Blended finance is a powerful approach to funding large-scale projects by combining public, philanthropic, and private capital. For universities, this model can address challenges like aging infrastructure, high emissions, and limited budgets. By leveraging tools such as grants, low-interest loans, and tax incentives like the Inflation Reduction Act’s direct pay provisions, institutions can reduce risks for private investors and unlock funding for projects like energy system upgrades and building retrofits.

Key Takeaways:

• Blended Finance Basics: Uses concessional funds to attract private investment, often achieving $4 of private funding for every $1 of public or philanthropic capital.

• University Challenges: Projects like central heating upgrades, often costing over $180M, face barriers due to long payback periods and risks tied to new technologies.

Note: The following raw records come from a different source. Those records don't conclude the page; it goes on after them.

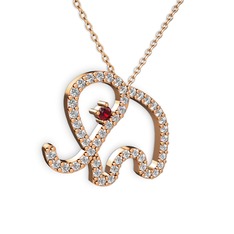 Beyaz zirkon ve garnet 925 ayar rose altın kaplama gümüş kolye (40 cm rose altın rolo zincir)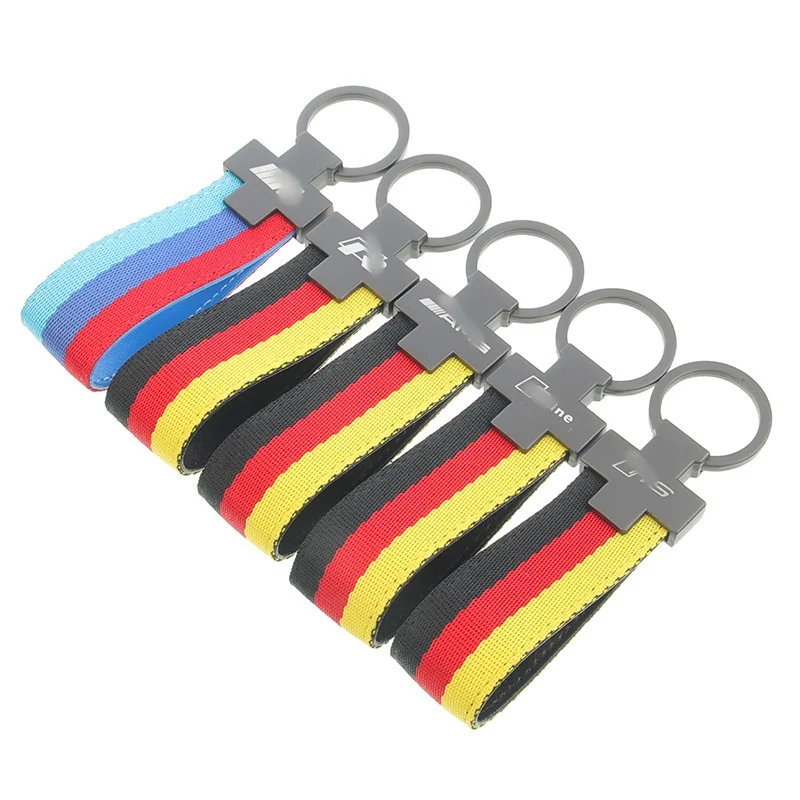The new M tricolor sports  Sline r AMG  Infiniti Jeep Reno, nylon braided car logo key chain pendant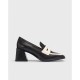 Mocasín Tacón Mujer Wonders Fiodor H-4351 Negro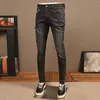 Heren jeans streetwear mode heren retro zwart grijs stretch slim fit vintage broek borduren designer denim broek hombre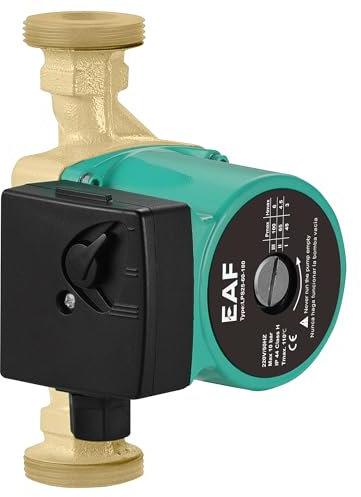 EAF25-60/180 – 3 Velocidades, Latón, Conexión G1½″, 180 mm - Bomba Circuladora y Presurizadora Automática |Bomba Recirculación de Calefacción y Agua Caliente, Calefacción, Radiadores y Suelo Radiante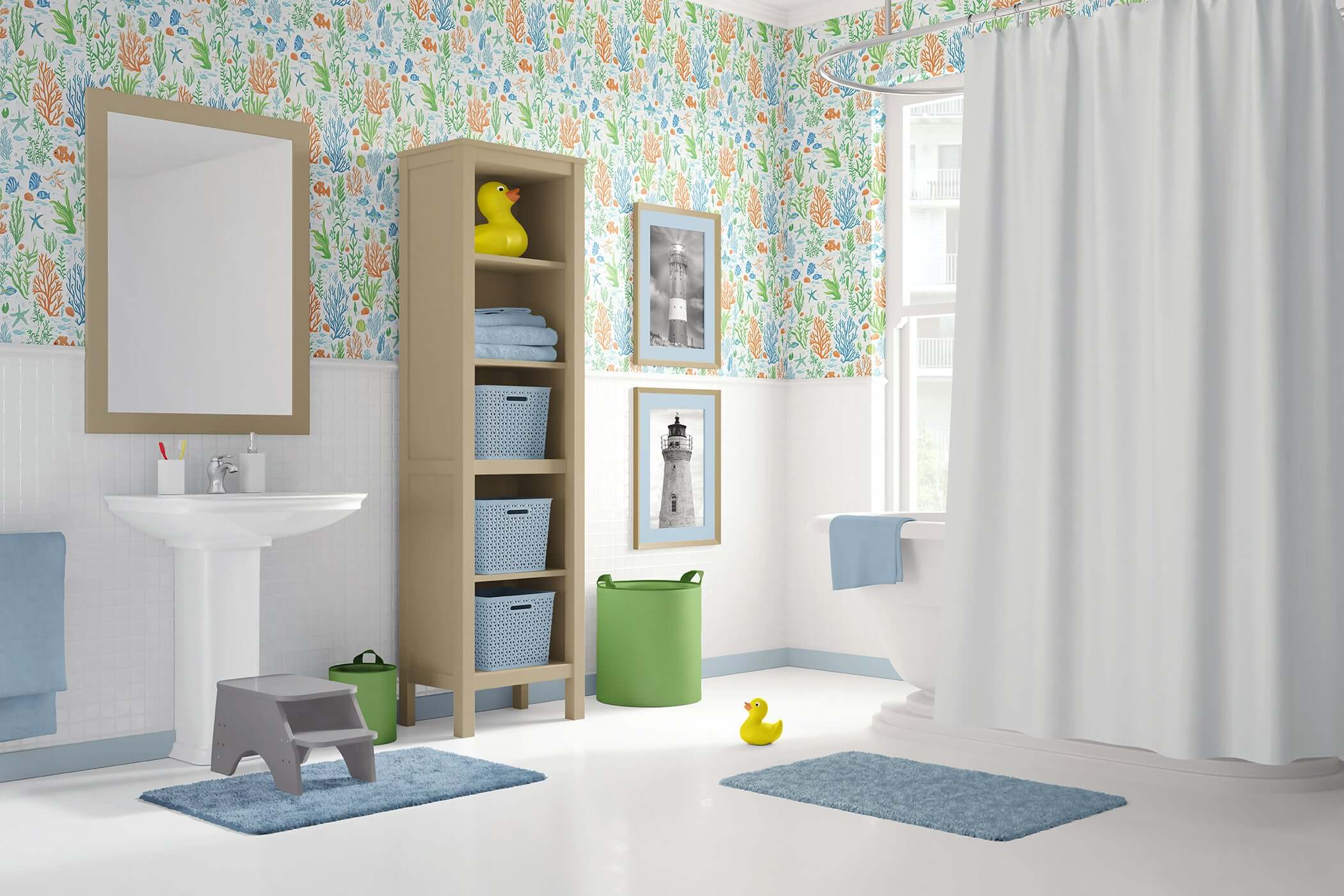 Bathroom with "Under the Sea Adventure" coastal wallpaper, featuring ocean-themed decor, coral, fish, and a playful rubber duck.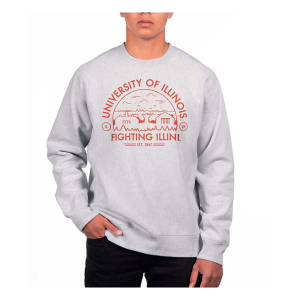 Illinois Fighting Illini USCAPE Crew Small Grey Heather
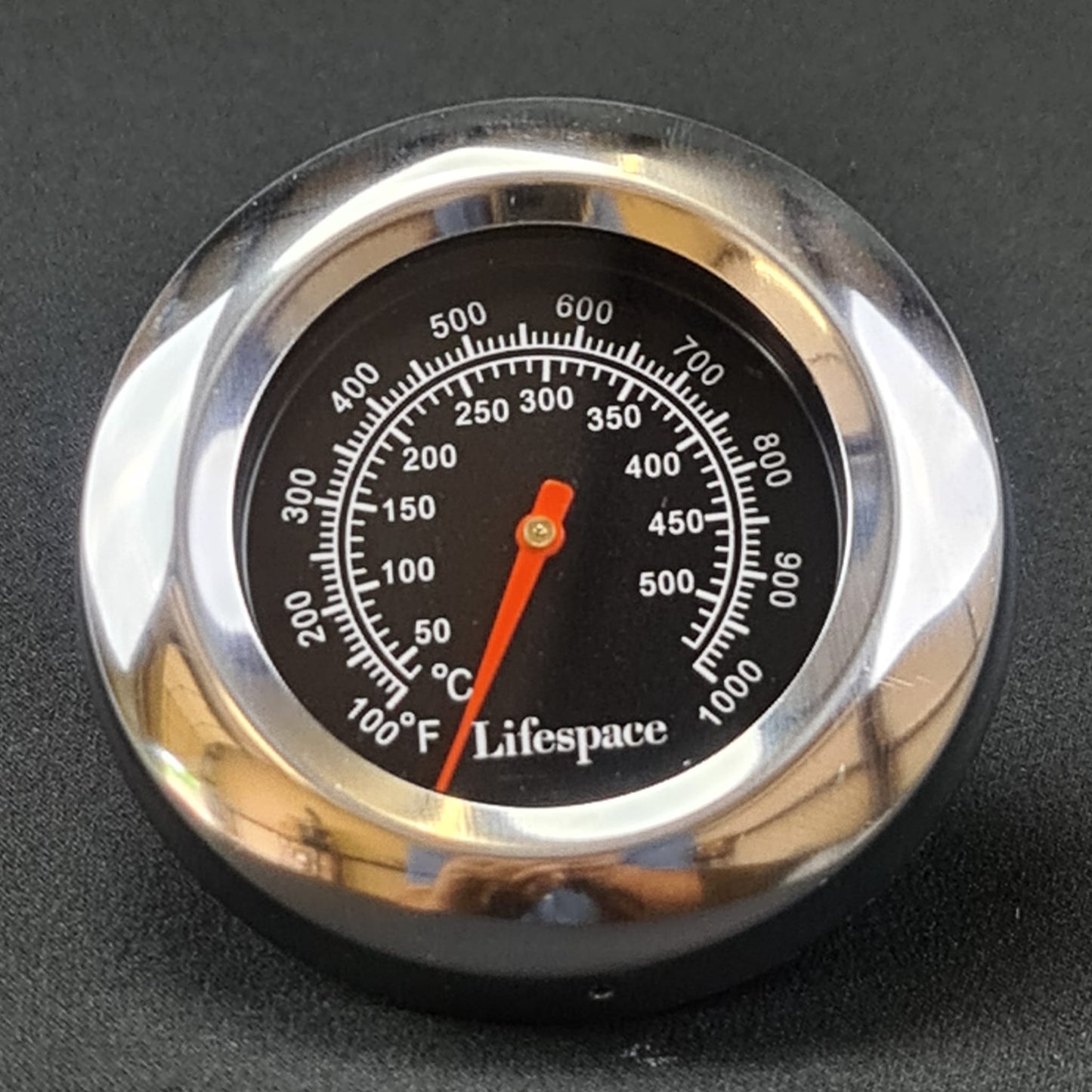 Lifespace Universal Replacement Grill / Smoker Thermometer - Black Face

• Funding Opportunities: Tools like green revolving funds, energy performance contracts, and federal incentives make previously unfeasible projects viable.

• Steps to Success:

  1. Ground goals in data (e.g., emissions inventories using the Greenhouse Gas Protocol).

  2. Break down broad goals into specific, fundable projects (e.g., HVAC upgrades, solar installations).

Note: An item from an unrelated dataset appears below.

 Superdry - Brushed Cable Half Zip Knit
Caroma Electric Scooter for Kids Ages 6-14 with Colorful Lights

  3. Build a capital stack with clear roles for public, philanthropic, and private investors.

  4. Develop governance systems and monitor financial and impact metrics to ensure long-term success.

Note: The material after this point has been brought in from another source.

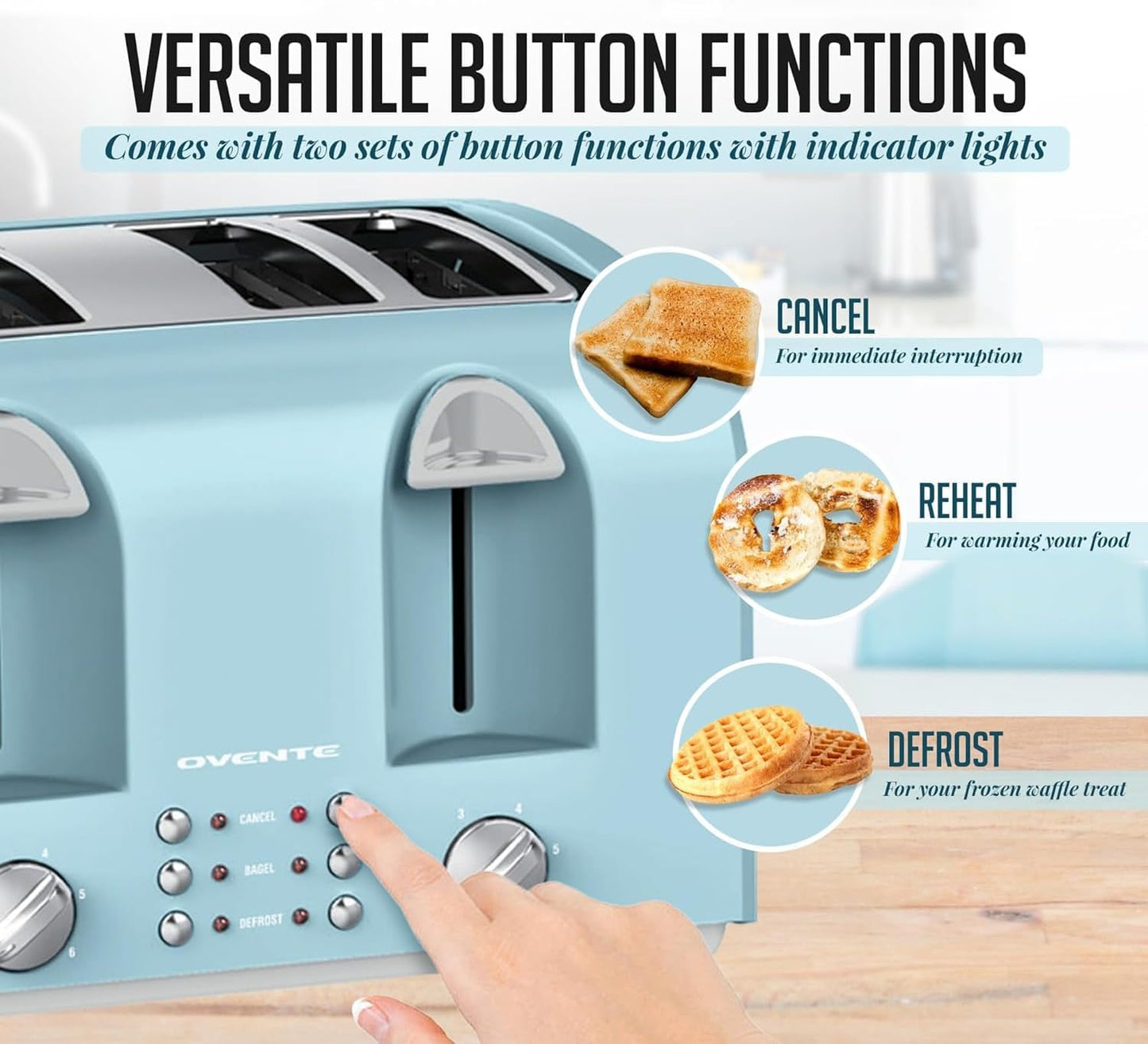OVENTE Electric 4-Slice Toaster Machine with 6-Shade Selector Setting, Cancel Button, Defrost Function, Crumb Tray, 1400W Power and Wide Slots for Bagels, Waffles and Puff Pastry, Light Blue TS4410LBL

This guide outlines how universities can structure and implement blended finance strategies to advance their sustainability goals while ensuring financial feasibility.

SHoF Annual Conference: Blended Finance

Mapping Sustainability Needs to Fundable Projects

Broad commitments like "achieve carbon neutrality by 2040" don’t automatically draw investor interest. To secure funding, institutions need to present clearly defined projects with detailed costs, predictable returns, and measurable results. This is often where universities face challenges - bridging the gap between ambitious goals and investor-ready initiatives. The solution lies in breaking down these broad ambitions into specific, actionable, and fundable projects.

Defining Institutional Goals and Constraints

Start by grounding your goals in solid data. For example, the Greenhouse Gas Protocol can help dissect emissions by building, fuel type, and campus sector instead of just presenting an overall figure. Since building operations typically account for about 75% of campus emissions at U.S. universities, targeting energy efficiency and decarbonizing heating and cooling systems often offers the most practical opportunities for financing [6][7].

Equally important is understanding your institution's constraints. Factors like debt capacity, bond covenants, state procurement rules, and board approval thresholds can significantly influence what financing options are feasible. For instance, a public university in a state with strict public-private partnership (P3) statutes faces very different limitations compared to a private institution with flexible 501(c)(3) bond authority. Engaging key stakeholders - such as the CFO, general counsel, and facilities team - early in the process is essential. Documenting these limitations in a "constraints memo" can save time by ensuring efforts focus on viable financing structures [4][5].

Once goals and constraints are clearly defined, the next step is converting sustainability plans into projects that attract investors.

Turning Sustainability Plans into Bankable Projects

With a clear baseline and constraints, you can begin categorizing sustainability goals into specific project types. Examples include building envelope and HVAC upgrades, central plant modernization, on-site solar installations, microgrids, EV charging networks, and stormwater management systems. For each project, create a standardized template outlining its physical scope, estimated capital cost (in U.S. dollars), timeline, expected operational savings, and any key dependencies.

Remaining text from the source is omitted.